И рассказал, как немцы в пятнадцатом году пустили хлор и как такой же вот паренек спас их, научив кутать лица мокрыми шинелями.
— Слава богу, у самого болота стояли. Вот такой же веселый парень был. Всех смешил. Потом его стрелой убило. В плечо вошла, а через живот вышла. Бросали немцы такие с еропланов, сантиметров пятнадцать, летит и крутится, как волчок.
Из всей дороги лучше всего запомнился Урал. Почти все время, когда проезжали горы, мы с Катей стояли на тормозной площадке соседнего вагона. Девушка, хватая меня за плечи, восторженно восклицала:
— Посмотри ты, красота какая… Вон сосны на самой вершине… Мох на скалах… Где-то здесь ходил Пугачев. Мы учили.
Да, Урал был хорош. Если бы не тетя Маша — сошел бы на первой попавшейся станции. Очень мне нравились здешние места. Мощные древние горы, пенистые реки, северный лес. Катя удачно сказала; «Здесь все по-настоящему». И я подумал, что мы смогли бы хорошо понимать друг друга.
Ночами, как и дома, я почти не спал. Садился у полуоткрытой двери. Если поезд двигался, старый вагон скрипел, потрескивал.

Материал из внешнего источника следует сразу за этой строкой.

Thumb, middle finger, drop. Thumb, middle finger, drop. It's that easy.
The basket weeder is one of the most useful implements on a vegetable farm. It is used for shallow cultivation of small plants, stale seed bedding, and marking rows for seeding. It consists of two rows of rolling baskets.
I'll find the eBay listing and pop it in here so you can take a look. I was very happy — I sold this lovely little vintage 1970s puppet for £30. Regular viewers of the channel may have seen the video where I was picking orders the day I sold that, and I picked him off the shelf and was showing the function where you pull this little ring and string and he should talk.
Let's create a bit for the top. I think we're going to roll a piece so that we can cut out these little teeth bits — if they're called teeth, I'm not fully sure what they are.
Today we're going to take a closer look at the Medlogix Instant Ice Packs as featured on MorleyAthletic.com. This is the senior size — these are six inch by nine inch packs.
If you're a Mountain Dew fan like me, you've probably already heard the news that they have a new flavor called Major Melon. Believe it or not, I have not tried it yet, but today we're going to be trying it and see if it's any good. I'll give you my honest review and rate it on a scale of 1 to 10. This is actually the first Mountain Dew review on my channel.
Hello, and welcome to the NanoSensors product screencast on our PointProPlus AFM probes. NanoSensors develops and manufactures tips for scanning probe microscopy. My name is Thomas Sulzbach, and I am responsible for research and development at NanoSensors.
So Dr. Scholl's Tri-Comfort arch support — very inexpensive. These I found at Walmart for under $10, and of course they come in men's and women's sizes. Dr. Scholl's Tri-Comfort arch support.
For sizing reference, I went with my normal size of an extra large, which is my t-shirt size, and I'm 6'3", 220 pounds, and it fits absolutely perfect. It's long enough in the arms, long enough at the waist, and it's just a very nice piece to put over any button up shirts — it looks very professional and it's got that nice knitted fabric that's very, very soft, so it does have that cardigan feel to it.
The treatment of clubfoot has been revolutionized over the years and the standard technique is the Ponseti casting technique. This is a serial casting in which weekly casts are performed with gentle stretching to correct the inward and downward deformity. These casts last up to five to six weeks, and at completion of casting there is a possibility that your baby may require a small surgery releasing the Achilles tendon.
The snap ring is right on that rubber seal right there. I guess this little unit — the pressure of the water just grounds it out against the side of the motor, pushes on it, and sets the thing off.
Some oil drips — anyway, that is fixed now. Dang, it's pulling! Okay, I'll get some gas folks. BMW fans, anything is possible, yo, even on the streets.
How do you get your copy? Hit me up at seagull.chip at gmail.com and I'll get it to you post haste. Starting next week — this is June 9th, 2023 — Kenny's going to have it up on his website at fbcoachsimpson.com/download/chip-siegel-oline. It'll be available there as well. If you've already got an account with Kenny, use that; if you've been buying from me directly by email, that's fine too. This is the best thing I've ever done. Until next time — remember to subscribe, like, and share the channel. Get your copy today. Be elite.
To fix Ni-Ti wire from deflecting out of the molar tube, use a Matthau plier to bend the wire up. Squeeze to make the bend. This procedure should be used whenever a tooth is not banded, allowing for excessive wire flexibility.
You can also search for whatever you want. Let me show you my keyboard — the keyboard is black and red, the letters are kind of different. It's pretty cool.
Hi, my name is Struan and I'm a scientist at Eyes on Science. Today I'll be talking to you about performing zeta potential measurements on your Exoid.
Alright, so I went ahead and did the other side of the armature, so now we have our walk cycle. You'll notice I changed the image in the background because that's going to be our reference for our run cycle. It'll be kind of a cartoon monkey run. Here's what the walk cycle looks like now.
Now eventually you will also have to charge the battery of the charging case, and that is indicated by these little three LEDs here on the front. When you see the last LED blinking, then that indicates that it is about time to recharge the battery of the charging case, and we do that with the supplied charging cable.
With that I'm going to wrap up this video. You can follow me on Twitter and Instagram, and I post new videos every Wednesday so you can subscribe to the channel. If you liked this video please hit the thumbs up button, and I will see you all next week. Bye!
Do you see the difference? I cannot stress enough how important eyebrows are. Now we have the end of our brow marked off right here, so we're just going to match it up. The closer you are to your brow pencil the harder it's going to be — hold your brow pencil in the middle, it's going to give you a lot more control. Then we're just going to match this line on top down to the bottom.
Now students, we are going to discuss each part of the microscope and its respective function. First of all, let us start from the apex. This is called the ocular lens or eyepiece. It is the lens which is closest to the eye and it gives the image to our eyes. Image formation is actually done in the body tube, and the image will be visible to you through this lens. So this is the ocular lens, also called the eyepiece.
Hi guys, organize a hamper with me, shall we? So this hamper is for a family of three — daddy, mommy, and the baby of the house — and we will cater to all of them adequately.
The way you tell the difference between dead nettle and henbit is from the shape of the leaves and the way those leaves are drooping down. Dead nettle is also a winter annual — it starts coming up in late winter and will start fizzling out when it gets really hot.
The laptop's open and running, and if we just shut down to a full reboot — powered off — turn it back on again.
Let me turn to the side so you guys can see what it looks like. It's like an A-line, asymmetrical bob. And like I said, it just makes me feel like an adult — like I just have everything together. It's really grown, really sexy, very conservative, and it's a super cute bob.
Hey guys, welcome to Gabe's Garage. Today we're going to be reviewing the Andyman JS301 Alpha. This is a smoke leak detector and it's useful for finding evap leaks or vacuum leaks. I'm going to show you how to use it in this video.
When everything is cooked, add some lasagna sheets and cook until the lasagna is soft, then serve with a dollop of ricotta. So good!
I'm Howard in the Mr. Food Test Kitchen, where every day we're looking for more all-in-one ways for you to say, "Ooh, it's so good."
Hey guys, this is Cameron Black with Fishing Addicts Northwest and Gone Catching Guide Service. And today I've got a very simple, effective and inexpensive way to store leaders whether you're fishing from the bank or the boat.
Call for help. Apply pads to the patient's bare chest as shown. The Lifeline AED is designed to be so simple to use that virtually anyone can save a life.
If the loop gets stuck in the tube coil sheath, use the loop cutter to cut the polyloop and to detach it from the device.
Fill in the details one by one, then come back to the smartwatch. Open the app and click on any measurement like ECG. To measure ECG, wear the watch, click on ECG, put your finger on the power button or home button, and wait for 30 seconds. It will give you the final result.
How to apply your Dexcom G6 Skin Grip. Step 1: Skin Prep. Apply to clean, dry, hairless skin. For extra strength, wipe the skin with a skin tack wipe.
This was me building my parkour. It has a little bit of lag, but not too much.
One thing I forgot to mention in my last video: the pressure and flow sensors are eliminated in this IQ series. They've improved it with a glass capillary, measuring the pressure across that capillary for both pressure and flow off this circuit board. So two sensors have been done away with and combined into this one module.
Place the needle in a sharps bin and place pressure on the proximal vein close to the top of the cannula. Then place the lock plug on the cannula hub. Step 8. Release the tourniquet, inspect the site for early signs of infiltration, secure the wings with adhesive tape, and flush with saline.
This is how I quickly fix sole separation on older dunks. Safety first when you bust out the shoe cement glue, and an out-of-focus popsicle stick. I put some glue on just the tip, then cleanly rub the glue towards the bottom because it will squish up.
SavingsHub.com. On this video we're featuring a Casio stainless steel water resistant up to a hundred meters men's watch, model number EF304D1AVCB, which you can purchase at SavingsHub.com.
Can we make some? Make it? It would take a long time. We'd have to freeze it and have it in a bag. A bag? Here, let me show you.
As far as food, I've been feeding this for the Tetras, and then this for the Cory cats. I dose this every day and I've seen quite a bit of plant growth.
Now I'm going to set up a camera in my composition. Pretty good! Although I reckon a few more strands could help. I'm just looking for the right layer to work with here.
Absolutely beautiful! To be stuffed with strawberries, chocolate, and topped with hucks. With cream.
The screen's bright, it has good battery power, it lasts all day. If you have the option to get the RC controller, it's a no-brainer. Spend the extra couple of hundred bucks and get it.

Не случись война, его бы списали за негодностью. Но нужно было работать через силу — он жаловался, стонал и двигался вперед.
Меня все происходящее вокруг оглушило, закрутило, как щепку водоворотом. Навстречу мчались с ревом и грохотом поезда. Я видел эти составы на остановках: на платформах укутанные зеленым брезентом пушки и танки. А главное — нескончаемый человеческий поток — красноармейцы, красноармейцы, совсем молоденькие стриженые мальчишки с мягким пушком на верхней губе и вместе с ними — пожилые, степенные, осмотрительные. Мало песен, мало гармошек. В лицах преобладало суровое размышление, озабоченность…
В одну из таких бессонных ночей ко мне подсел Дема Волохов.
— Плохо дело-то. Слышал? Бои идут в Смоленске.